Francesco Merlo asks: “What does it mean to commit fraud, if there is no resulting gain? All one is talking about here is untidy administration, procedural confusion”. Houses belonging to the CAS services may have been used for people hosted by the SPRAR service and vice versa, money from the workshops might have gone to the oil-press, unregistered vehicles might have been used by the welcome services, etc. The details may have been muddled, but the overall result was uncompromised, since no money was wrongfully taken out of the system. One can, if one wants, find a ‘fraud’ everywhere here: in the issue of an identity card, in the multi-ethnic kindergarten, in the school, in the job training grants, in the restaurant, in the solidarity tourism, etc. Or these all can be regarded as what they were: attempts to explore new ways of integrating a community of migrants and local people.
“We face here an excess, a surplus of punitive will, which is explainable only by the determination to impose an exemplary sentence, designed to criminalize migrant welcome”, comments the jurist Luigi Ferrajoli.
The judgement condemns the Riace system in terms already prefigured in previous discretionary decisions of the public administration. The Prefecture and the Ministry of the Interior, even before the intervention of the criminal judiciary, had “condemned” Riace because it did not conform to standard reception models. Worse, as the migration jurist Fulvio Vassallo Paleologo remarks, a parliamentary commission inquiring into welcome centres in Italy determined in 2017 that although “large sectors of the welcome system in Calabria are infiltrated by mafias”, “no reform of the system has never been attempted; instead, those who invented an alternative have been criminalized”.
One is tempted to wonder here whether Lucano’s real crime was that of being honest.
Both of these experts comment that it is urgently necessary to restore a clear distinction between technical assessments conducted by administrative bodies and criminal prosecutions. Otherwise, trials as the Locri one are liable to become more and more frequent, given the complexity and the changeability of operating rules. Vassallo Paleologo says that a criminal trial of Riace and Lucano should have never have been initiated, because the municipality of Riace had been unfairly expected to step in to cover for the evident inability of the local State to guarantee a minimum level of reception to arriving migrants. We risk, says the writer Sandro Veronesi, normalizing the idea that a welcome system for refugees and migrants is in itself somehow a “criminal question”, a problem in terms of social marginality or public order. This would result, as happened in the case of the Locri court’s judgement, in “the assimilation of citizen and political initiatives, inspired by considerations of rationality and humanity, to criminal offenses, up to and including the outrageous charge of conspiracy”.
A senior academic and former politician, Luigi Manconi, wrote that the prosecutor’s press comments right after the sentencing contained “statements that oscillate between eccentricity and recklessness”.
Domenico Gallo commented that:
“In the present case, the margins of sentencing discretion were exercised only in hatred of the accused.

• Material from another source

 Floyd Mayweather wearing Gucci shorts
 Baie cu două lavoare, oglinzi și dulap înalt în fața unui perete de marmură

This judgement truly represents the outcome of what [the great 18th century jurist] Cesare Beccaria called ‘an offensive trial’, where ‘the judge becomes the enemy of the accused’.”
The relentless exorbitance and hyper-aggression of the Locri proceedings from start to finish look like the instruments of a populist, Salvinian logic, centered on the identification and warlike destruction of those identified as the people’s enemies, namely those who show pity for that other great enemy, the refugee.

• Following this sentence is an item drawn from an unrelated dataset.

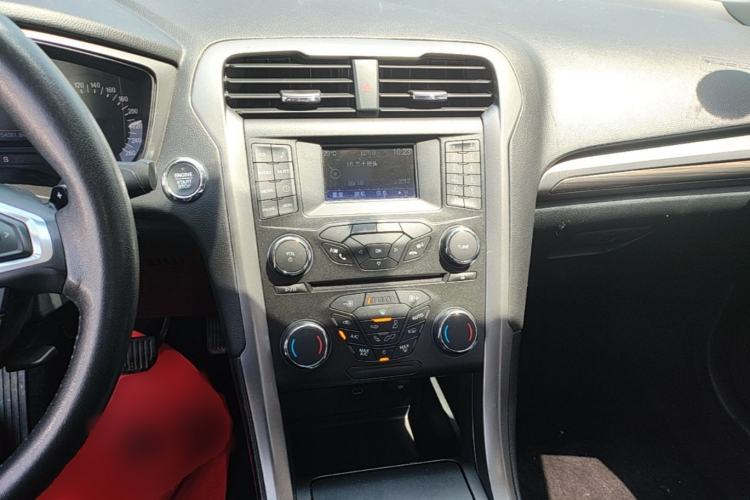 Used Ford Mondeo 2018 EcoBoost 180 Fashion Edition Center Console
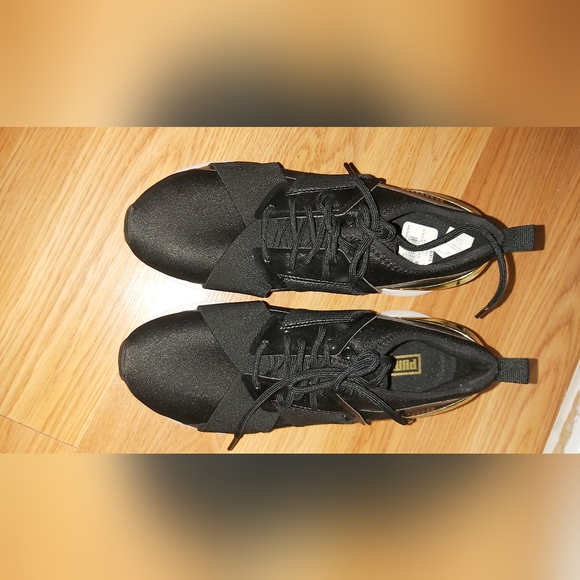 Puma Sneakers - Picture 2 of 4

By accepting the prosecution’s framework of interpretation, the judges’ verdicts and sentences fully confirm the political character of the whole Locri trial, as I identified during my previous monitoring of the prosecution’s strategies during the trial. This practice of using political trials to criminalise solidarity and welcome is by now becoming obvious to all and is putting the resilience of our democratic societies at serious risk.
“What is the crime? Who committed it?”, asked Piero Calamandrei in his defence of Danilo Dolci, in a famous political trial in Palermo in 1956 of a young sociologist who had been leading a protest of unemployed people at Partinico and was put on trial for instigation to disobey the law.

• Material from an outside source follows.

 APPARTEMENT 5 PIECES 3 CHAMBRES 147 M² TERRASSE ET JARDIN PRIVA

These are certainly crucial questions in all criminal trials, but they are especially a key to understanding what a political trial is. For the Locri Court, the crime is Riace, and the person responsible is Domenico Lucano. Yet, as the prosecutor himself concedes, Lucano used all his funds for refugee integration, not for any personal material benefit, and only acted out of his own sense of humanity. The defence lawyers claimed that the subjective aspect – who is Lucano? – should be the core consideration in the court’s deliberation, but, as we have seen, the final judgement excluded any consideration of this.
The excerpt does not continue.